▶ **Problem details**
Every record should be restated exactly, with no images included.

▶ **Records to use**
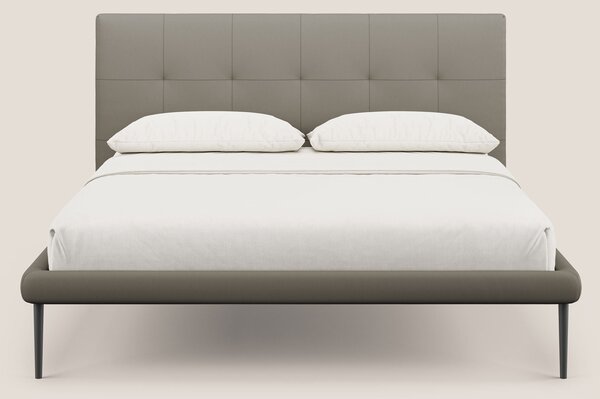 Midori letto imbottito trapuntato in ecopelle con piedini alti T04 tal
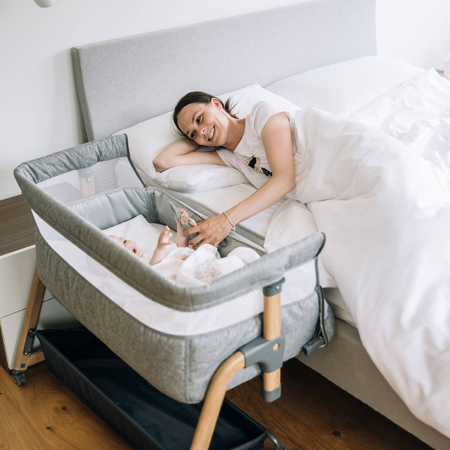 FreeON® Obposteljna posteljica Bliss s predalom grey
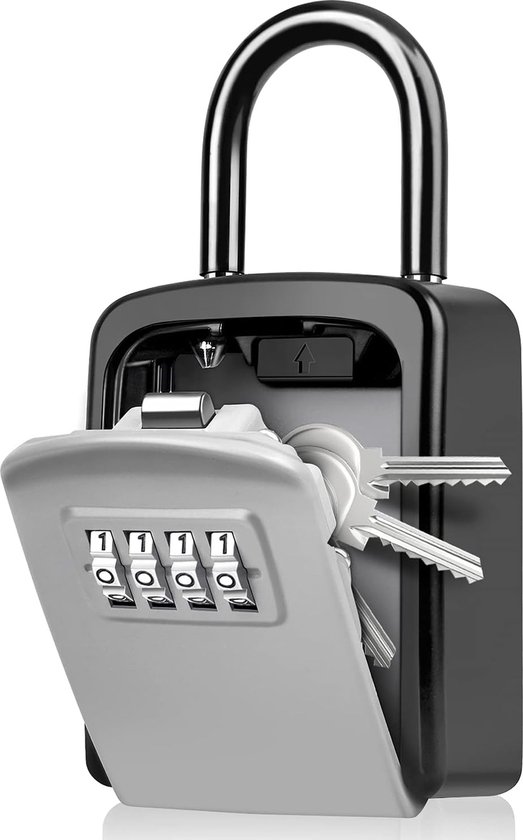 4-cijferige combinatie sleutelslot doos met verwijderbare haak Resettable code Secure Key Lock Box Indoor Outdoor Key Safe Box voor thuis kantoor garage school fitnessruimte Airbnb met Verbeterde Veiligheid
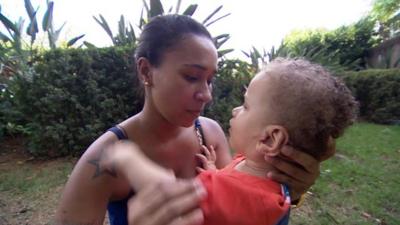 Carla Luiz and her son David who has cerebral palsy and is blind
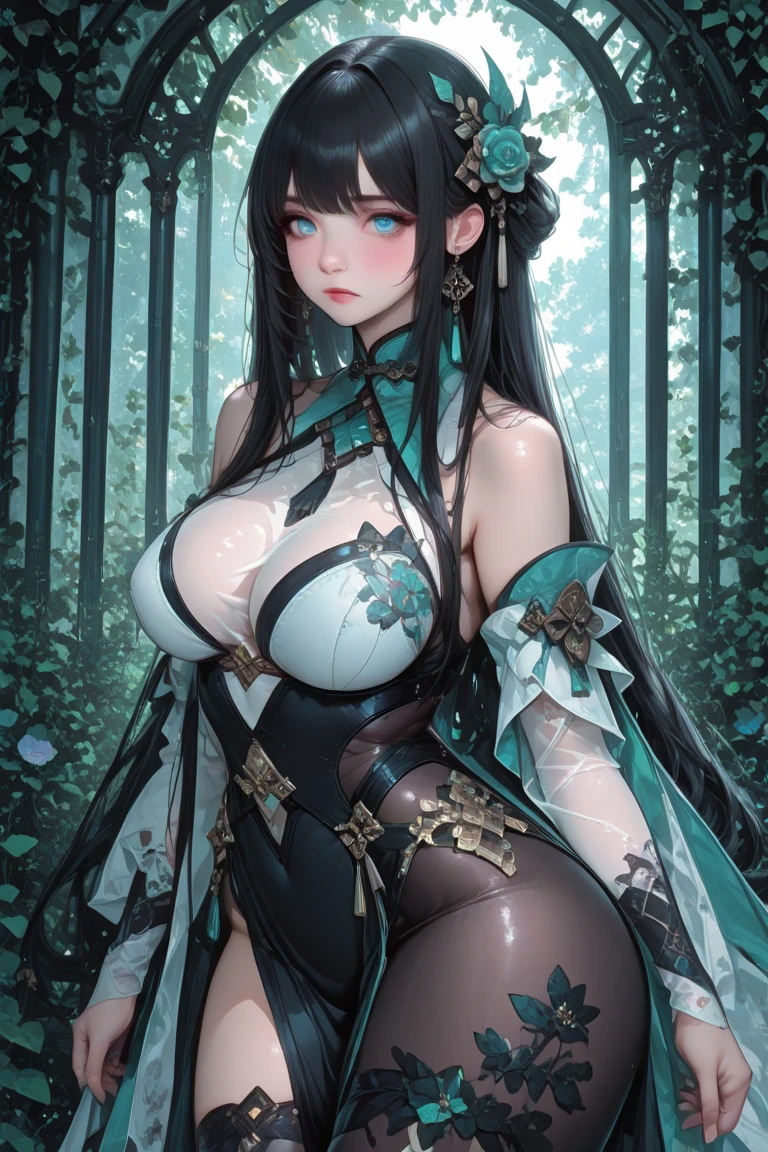 (An unparalleled masterpiece, Side light, Exquisite and beautiful eyes: 1.2), ultra-actual 8k CG, perfect work of art, Upper body, shiny hair, glowing eyes, skin shiny, actual, 3d face, underboobs, huge breasts, perfect female figure, aldult, milf, Yao Liu, looking at the audience, lace, lace trim, Tempting pose, sexy pose, Tempting, prestige, Gorgeous, luxury, jewelry, gem, Kaneko, Silver, diamond, flash, 蓝gem, 红gem, emerald, pearl, amber,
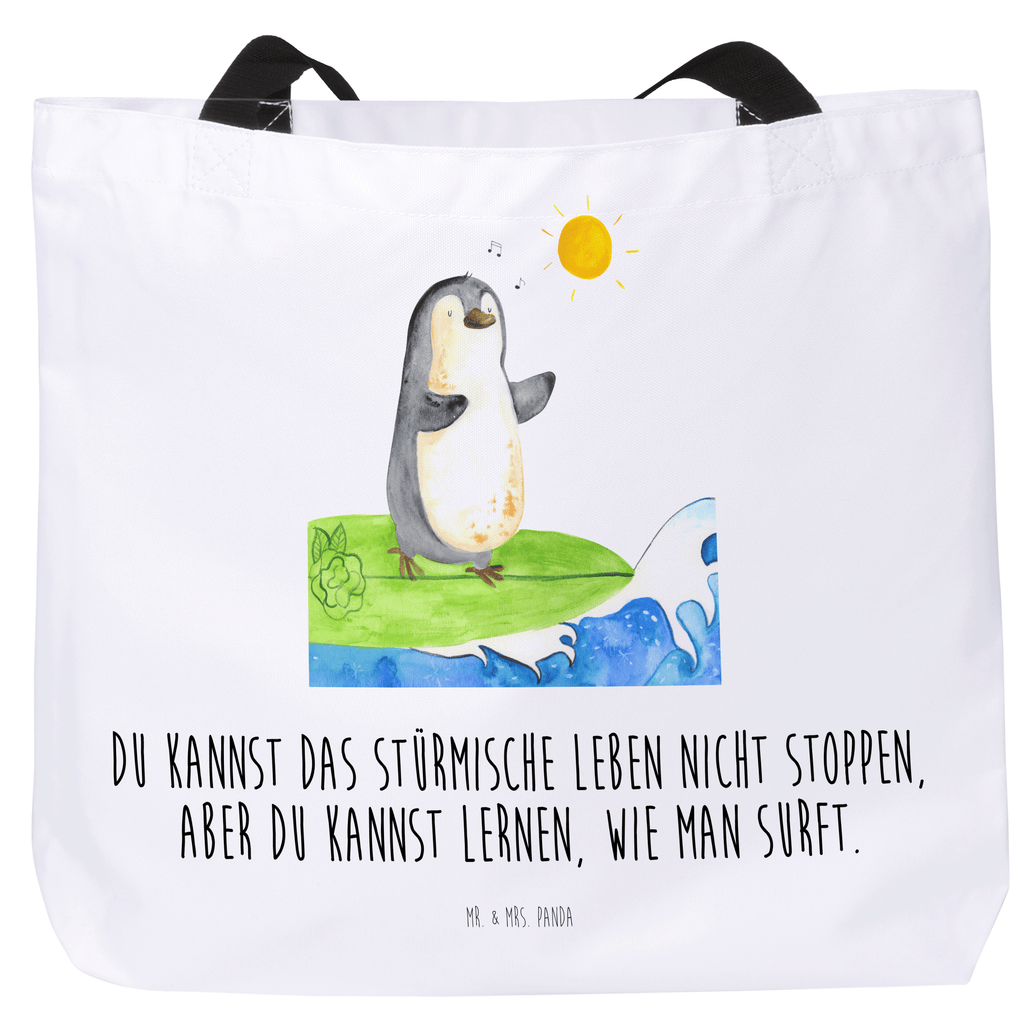 Shopper Pinguin Surfer Beutel, Einkaufstasche, Tasche, Strandtasche, Einkaufsbeutel, Shopper, Schultasche, Freizeittasche, Tragebeutel, Schulbeutel, Alltagstasche, Pinguin, Pinguine, surfen, Surfer, Hawaii, Urlaub, Wellen, Wellen reiten, Portugal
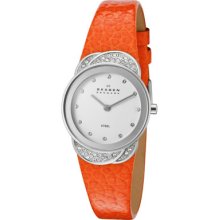 Skagen Watches Women's White Swarovski Crystal White Dial Orange Genui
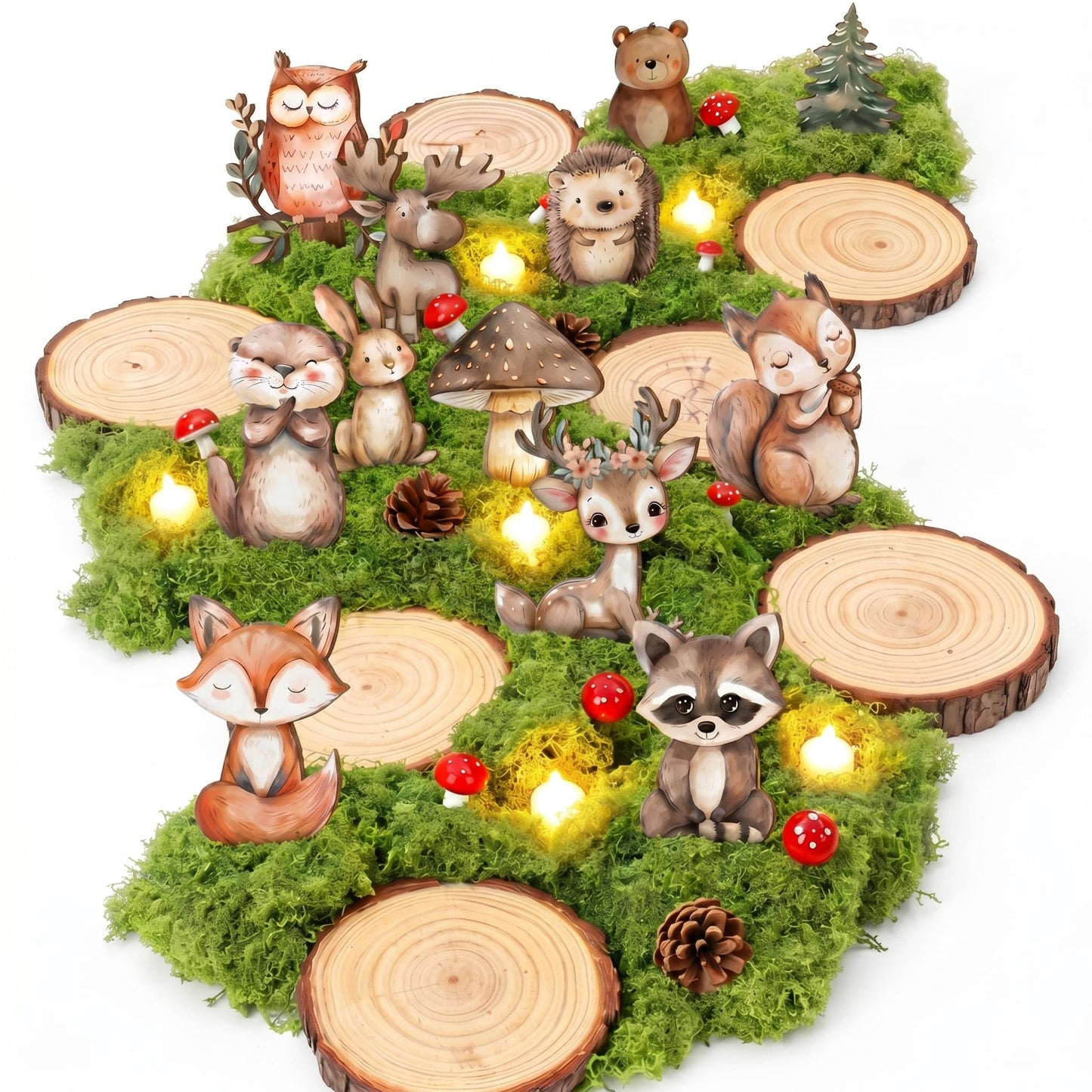 FineCheer 39 Pcs Woodland Animal Table Centerpieces Kit, 12 Forest Animals Wood Cutouts with Wood Rounds Moss Pine Cones Mushroom Decorations for Baby Shower Birthday Party Decor Set Nursery Supplies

▶ **Your response**
 Midori letto imbottito trapuntato in ecopelle con piedini alti T04 tal
 FreeON® Obposteljna posteljica Bliss s predalom grey
 4-cijferige combinatie sleutelslot doos met verwijderbare haak Resettable code Secure Key Lock Box Indoor Outdoor Key Safe Box voor thuis kantoor garage school fitnessruimte Airbnb met Verbeterde Veiligheid
 Carla Luiz and her son David who has cerebral palsy and is blind
 (An unparalleled masterpiece, Side light, Exquisite and beautiful eyes: 1.2), ultra-actual 8k CG, perfect work of art, Upper body, shiny hair, glowing eyes, skin shiny, actual, 3d face, underboobs, huge breasts, perfect female figure, aldult, milf, Yao Liu, looking at the audience, lace, lace trim, Tempting pose, sexy pose, Tempting, prestige, Gorgeous, luxury, jewelry, gem, Kaneko, Silver, diamond, flash, 蓝gem, 红gem, emerald, pearl, amber,
 Shopper Pinguin Surfer Beutel, Einkaufstasche, Tasche, Strandtasche, Einkaufsbeutel, Shopper, Schultasche, Freizeittasche, Tragebeutel, Schulbeutel, Alltagstasche, Pinguin, Pinguine, surfen, Surfer, Hawaii, Urlaub, Wellen, Wellen reiten, Portugal
 Skagen Watches Women's White Swarovski Crystal White Dial Orange Genui
 FineCheer 39 Pcs Woodland Animal Table Centerpieces Kit, 12 Forest Animals Wood Cutouts with Wood Rounds Moss Pine Cones Mushroom Decorations for Baby Shower Birthday Party Decor Set Nursery Supplies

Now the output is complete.